Desde prácticamente el principio de Gran Hermano VIP 5, Irma Soriano ha tenido que luchar contra su fama de teatrera, a causa de la gente que considera que su forma intensa de sentir las cosas no es real. Sin embargo, si por algo se ha criticado aún más a la presentadora, autodefinida como conciliadora, es por su forma de actuar de maneras distintas según quién esté a su alrededor.

El pasado jueves, tras la gala, en la que nominó a Daniela Blume por haber empujado a Elettra Lamborghini, asistimos a un claro ejemplo de cómo puede decir una cosa en un entorno pero luego tratar de lavar su imagen negándola o diciendo lo contrario en otra situación.

Pero no se trata de un caso puntual. Este martes volvió a repetir esa misma conducta. Uno de los temas más comentados de la casa el lunes fue la compra que realizaron Marco Ferri y Daniela, en la que abundaban galletas y chocolate pero, en cambio, faltaban algunas verduras y frutas. Elettra y Alyson Eckmann fueron las más críticas junto a Emma Ozores e Irma. Sin embargo, en todo momento reconocieron que la culpa era suya porque no se habían despertado a tiempo.

Un día después, durante la prueba semanal, Enreda como puedas, Marco y Daniela vieron un vídeo de Alyson en el que bromeaba sobre la abundancia de galletas. Al italiano no le sentó bien, y más tárde discutió con la americana por no haberle comunicado sus quejas directamente a él y haberlo hecho a sus espaldas. En ese momento, Aly se defendió diciendo que no lo había hecho porque la culpable era ella por no haber estado despierta cuando se realizó la compra, pero afirmó que todas sus compañeras pensaban lo mismo que ella.

Irma y Emma rápidamente se justificaron. Especialmente la presentadora andaluza, que escuchó las reprimendas de Marco y, en cuanto la americana no estuvo presente, la criticó por haberla incluido en su protesta. El lunes Irma se quejó de que Marco y Daniela habían comprado lentejas de bote, dijo que no podía más con el pollo, afirmó que “eso no es una compra con cabeza”, se indignó porque no hubiera salmón para Emma, criticó las dificultades que habían puesto sus compañeros para la leche, reprochó la mermelada que compraron el italiano y su novia semanas atrás, alegó que por culpa de este pedido “esta semana nos damos el capricho y la que viene si no se gana ya no comes”, reprendió que parte de la compra “no es comida, es un capricho” y señaló a Marco por la cantidad de huevos que consume.

El martes, sin embargo, se indignó ante Marco y Daniela, con la mirada de “no me creo lo que está diciendo” de Emma como testigo, y afirmó que Alyson no tenía derecho al pataleo porque estaba fomentando el mal rollo, ya que ante eso la única respuesta posible era aceptar sus quejas o reprocharle que se hubiera despertado tarde. “No pasa nada, si uno se adapta, ha habido la explicación que nos habéis dado”, justificó.

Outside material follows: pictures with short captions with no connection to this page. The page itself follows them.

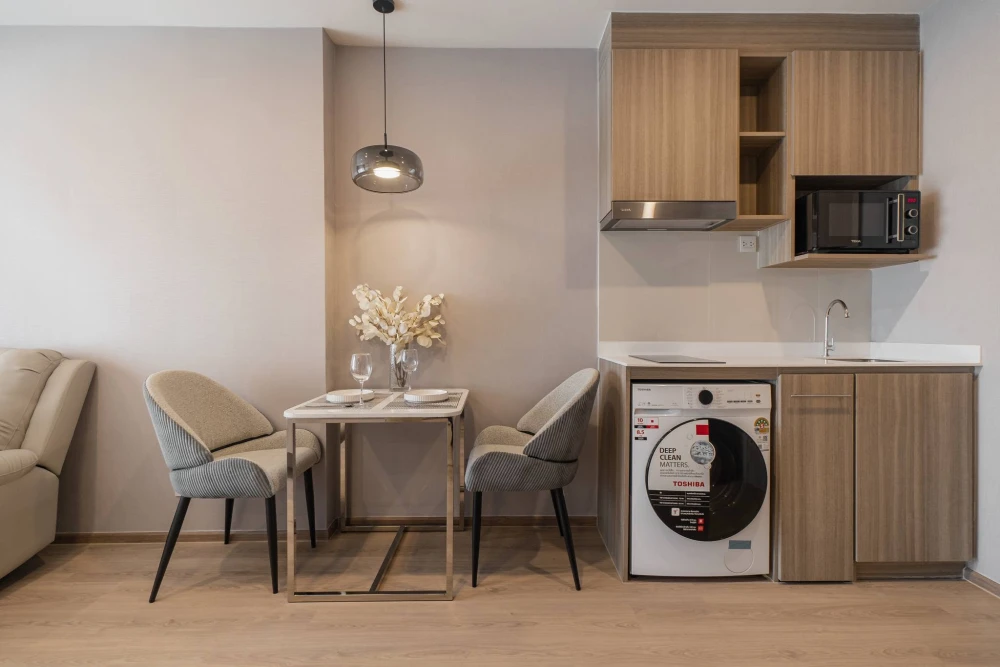 For rent: LIFE Rama 4-Asoke, fully furnished unit with high-quality built-in furniture. Amazing price! Convenient and complete amenities all in one pl
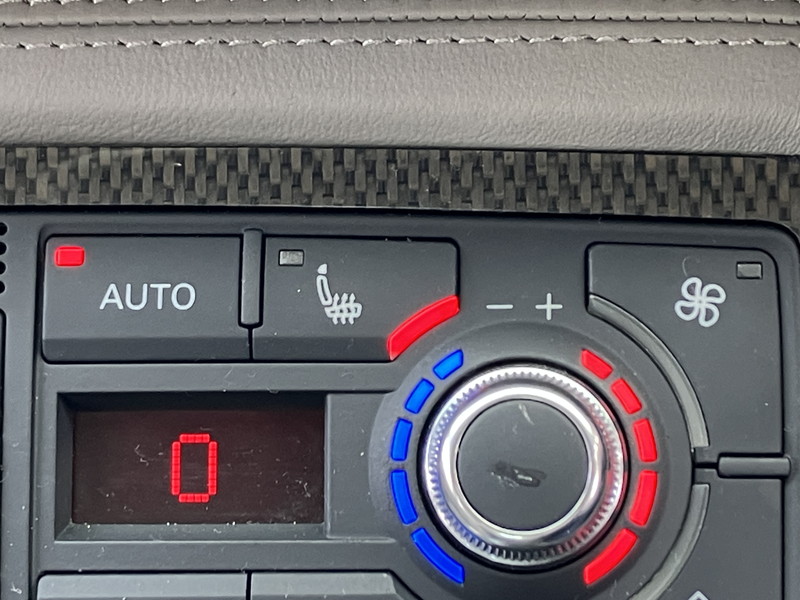 アウディ S8 中古車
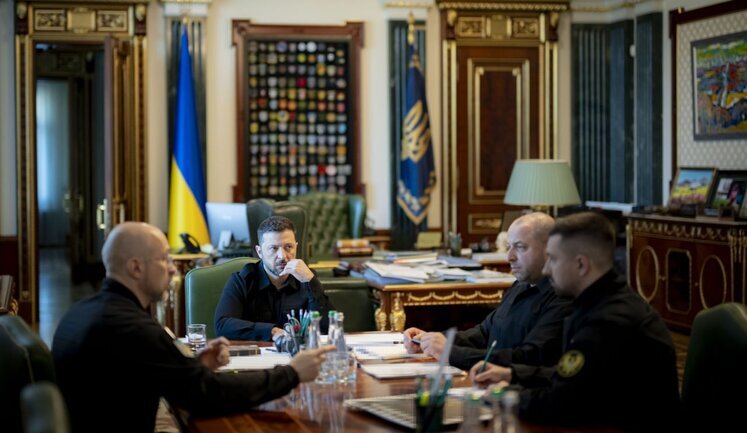 Зеленський провів нараду щодо ситуації в оборонній сфері: Української зброї має стати більше. ФОТО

Y protestó diciendo que le había dado rabia que la americana la incluyera en sus quejas “porque estás incluyendo a la persona que te ha dicho de aclararlo. No me ha parecido bien. Me ha dado rabia”.

Vídeo de comparación

Ya a solas con Emma, se volvió a quejar de que Alyson la incluyera en sus protestas y le dijo que la había molestado que la metiera porque eso la obligaba a tener “un mal rollo, que ya tenemos bastante”.

Alyson llegó a agradecerle más tarde que la hubiera apoyado e Irma creyó que estaba siendo irónica (porque sabía que en realidad la había vendido), lo que provocó un malentendido entre ambas.